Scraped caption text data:

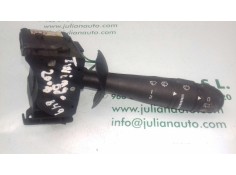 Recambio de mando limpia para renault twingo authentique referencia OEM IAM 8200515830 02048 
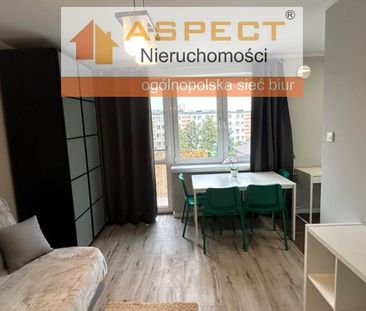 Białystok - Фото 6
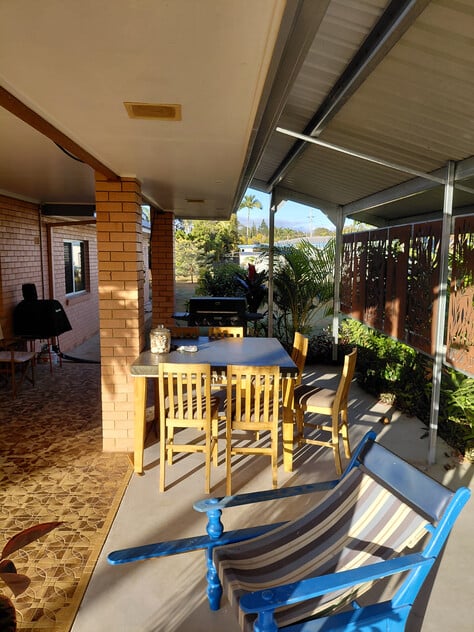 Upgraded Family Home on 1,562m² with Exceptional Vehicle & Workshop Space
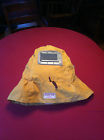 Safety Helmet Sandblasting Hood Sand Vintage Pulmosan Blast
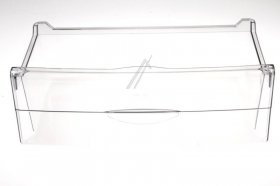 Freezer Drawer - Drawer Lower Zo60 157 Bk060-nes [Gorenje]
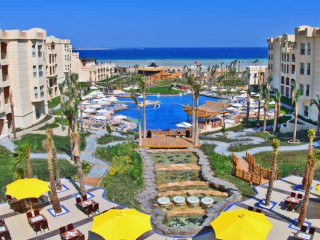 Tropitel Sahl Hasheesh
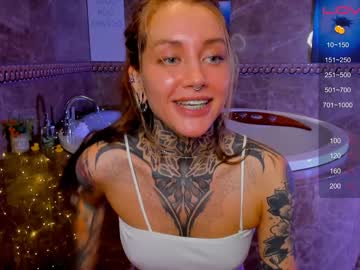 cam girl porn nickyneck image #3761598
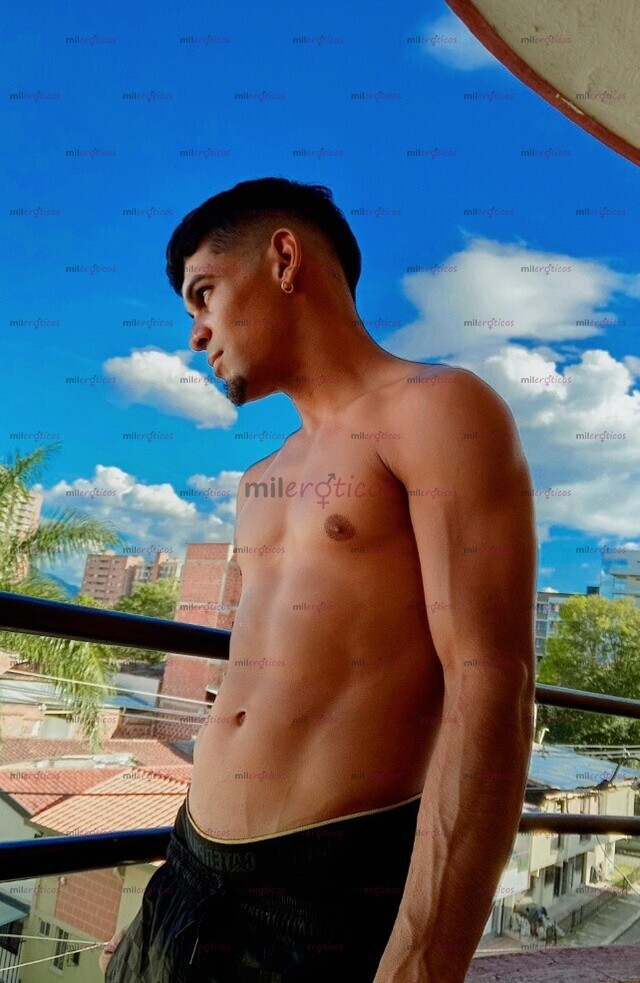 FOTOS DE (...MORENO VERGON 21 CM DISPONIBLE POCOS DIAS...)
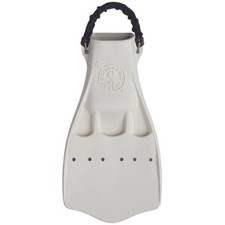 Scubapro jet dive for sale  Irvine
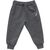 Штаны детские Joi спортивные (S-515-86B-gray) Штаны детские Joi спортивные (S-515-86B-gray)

...

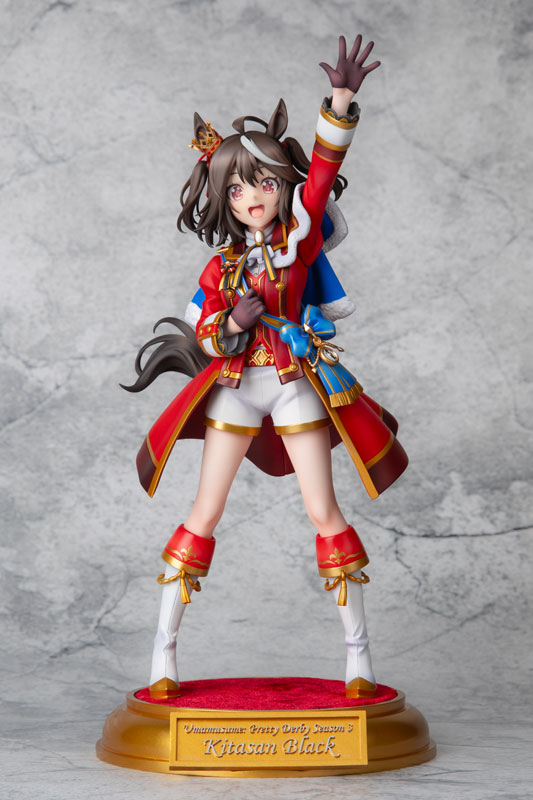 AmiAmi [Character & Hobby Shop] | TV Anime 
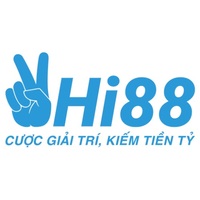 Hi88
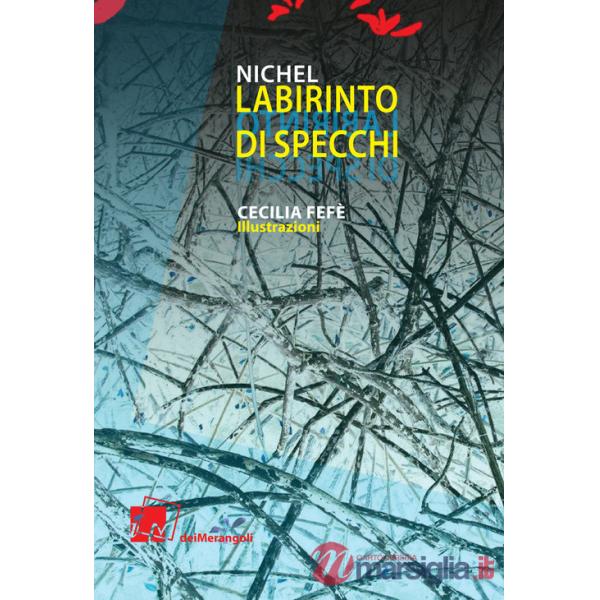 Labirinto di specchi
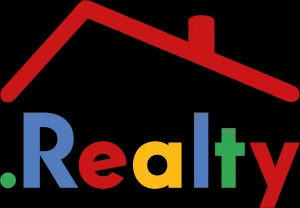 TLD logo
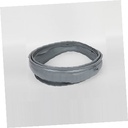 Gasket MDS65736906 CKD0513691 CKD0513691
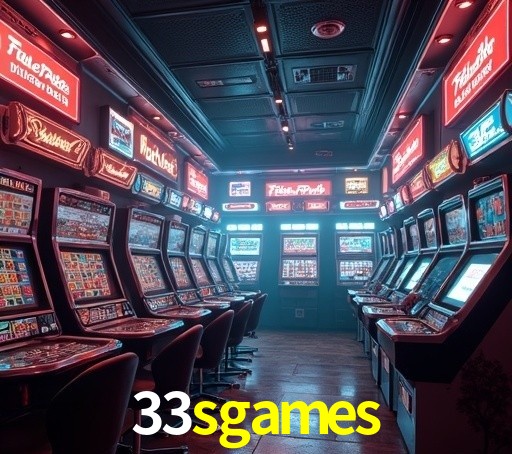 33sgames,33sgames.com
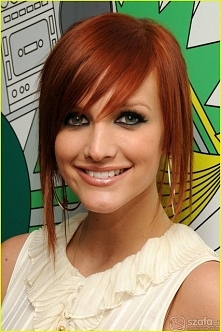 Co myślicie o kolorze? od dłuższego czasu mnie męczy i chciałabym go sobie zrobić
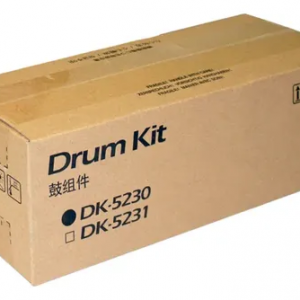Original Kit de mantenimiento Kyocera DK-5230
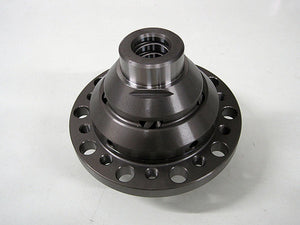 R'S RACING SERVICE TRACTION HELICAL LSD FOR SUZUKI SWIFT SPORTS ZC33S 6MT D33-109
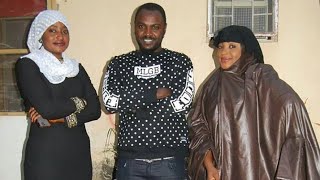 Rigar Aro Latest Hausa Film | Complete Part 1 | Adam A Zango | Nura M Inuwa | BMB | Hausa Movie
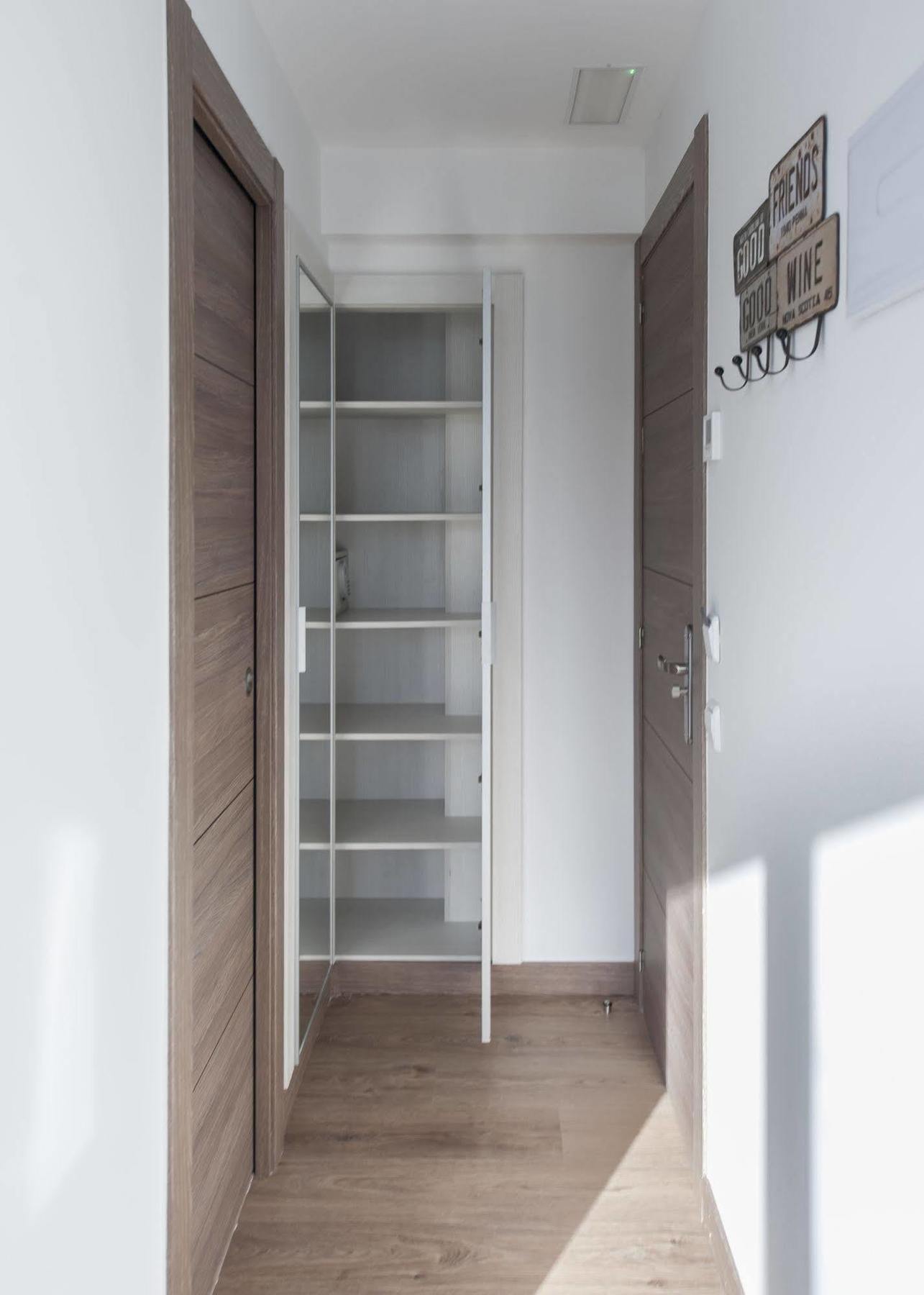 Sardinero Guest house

◆ TASK TO CARRY OUT
Although the records hold pictures, the copy must not; give again exactly the lines from the one with "Gasket MDS65736906 CKD0513691 CKD0513691" through the one with "Sardinero Guest house".

◆ SOLUTION BELOW
 Gasket MDS65736906 CKD0513691 CKD0513691
 33sgames,33sgames.com
 Co myślicie o kolorze? od dłuższego czasu mnie męczy i chciałabym go sobie zrobić
Original Kit de mantenimiento Kyocera DK-5230
 R'S RACING SERVICE TRACTION HELICAL LSD FOR SUZUKI SWIFT SPORTS ZC33S 6MT D33-109
 Rigar Aro Latest Hausa Film | Complete Part 1 | Adam A Zango | Nura M Inuwa | BMB | Hausa Movie
 Sardinero Guest house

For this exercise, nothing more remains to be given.